SERVICE=/etc/init.d/nagios
RETENTIONFILE=/usr/local/nagios/var/retention.dat

# This is where we point the servers at each-other (configure this properly in your deployment!)
#This should be for the other server of the pair
MASTERHOST=10.0.0.2

# Ensure only one copy can run at a time
PIDFILE=/var/run/nagios-watchdog.pid
if [ -e ${PIDFILE} ]; then
exit 1;
else
touch ${PIDFILE};
fi

# Checks the actual daemon status on the other host
#echo “su – nagios -c \”ssh ${MASTERHOST} ‘/etc/init.d/nagios status’\””
su – nagios -c “ssh ${MASTERHOST} /etc/init.d/nagios status”
#>/dev/null 2>&1

# Is the other host doing all the work?
if [ $? -eq 0 ]; then
# Service running on MASTERHOST. Stop my service so there is only one.
#echo “Nagios running on MASTERHOST”
#echo ” ${SERVICE} stop ”
${SERVICE} stop >/dev/null 2>&1

# Copy the retention data from the other nagios process
#echo “su nagios -c \”scp ${MASTERHOST}:${RETENTIONFILE} /tmp/\””
su – nagios -c “scp ${MASTERHOST}:${RETENTIONFILE} /tmp/”;

# Verify that we didnt get a corrupted copy
if [ `grep “{” /tmp/retention.dat | wc -l` -eq `grep “}” /tmp/retention.dat | wc -l` ]; then
${MV} /tmp/retention.dat ${RETENTIONFILE};
else
${RM} /tmp/retention.dat;
fi
#${FIXFILES} restore /var/log/nagios
else
# echo “Service not running on MASTERHOST”
${SERVICE} status >/dev/null 2>&1
if [ $? -ne 0 ]; then
# echo “Service not running here either. Sending notification.”
${ECHO} “From: nagios-watchdog@`hostname`\nSubject: ${SUBJECT}\nTo: ${RECIPIENT}\nNow running on host: `hostname`” | ${MAILER} ${RECIPIENT};
# echo “Starting nagios on localhost.”
${SERVICE} start >/dev/null 2>&1;
fi
fi

${RM} ${PIDFILE}

exit 0;

By: brose

brose — Tue, 03 May 2011 13:32:49 +0000

Aaron,
Thanks! Glad it was of use. I ended up going with the curl route as it did not require me to compile any custom SELinux modules. If you do the ps method, you will need to somehow enable httpd access to read the process table. You are correct, however – both ways will work well.

By: Aaron

Aaron — Mon, 02 May 2011 21:57:55 +0000

This guide was very helpful!

One addition I made was to check for running nagios by using exec ps -C nagios3 instead of the curl operation in your script. Both ways seem to work well.

By: brose

brose — Thu, 14 Apr 2011 20:50:47 +0000

Jason,

All of my testing and work has been with Nagios core, the free open-source version available from rhel/epel and the like.

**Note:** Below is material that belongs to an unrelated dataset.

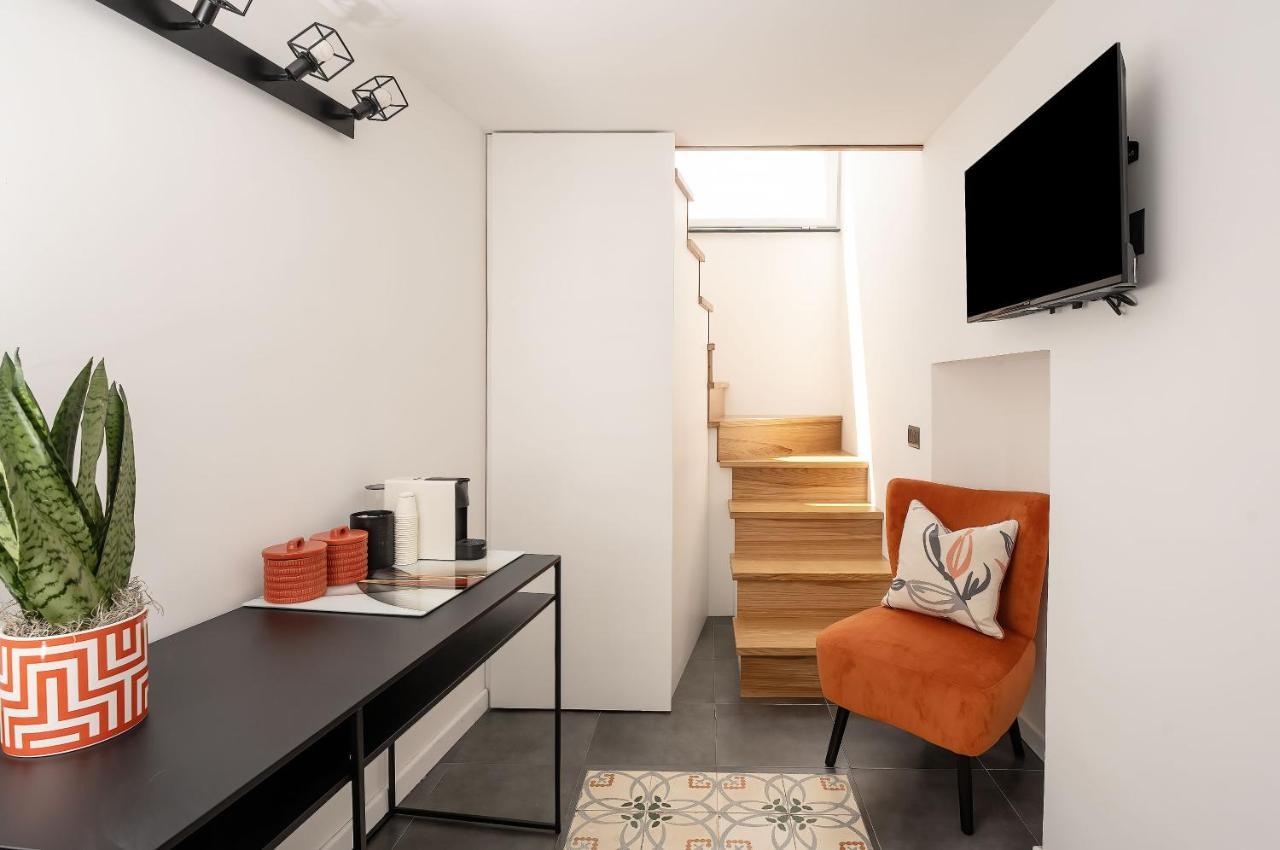 Casa800 Daire Capri Dış mekan fotoğraf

However, as long as Nagios XI still uses the retention.dat mechanism for restoring it’s exit state on startup, this should work. In fact, it may be even easier, as it sounds like you can point them both to the same database for config, and don’t need to worry about syncing with puppet or some such. I cannot provide any information on NDOutils or any plugins, it all depends whether or not they store their retention information in retention.dat. There is no reason why my script cannot be modified to scp multiple files, though. For example, I have extended it in our environment to also copy over the logs/ directory. This syncs historical data, making end-of-year reports reliable.

By: Jason

Jason — Thu, 14 Apr 2011 20:32:37 +0000

is this just for Core or will this work for Nagios XI using databases for configs and NDOutils?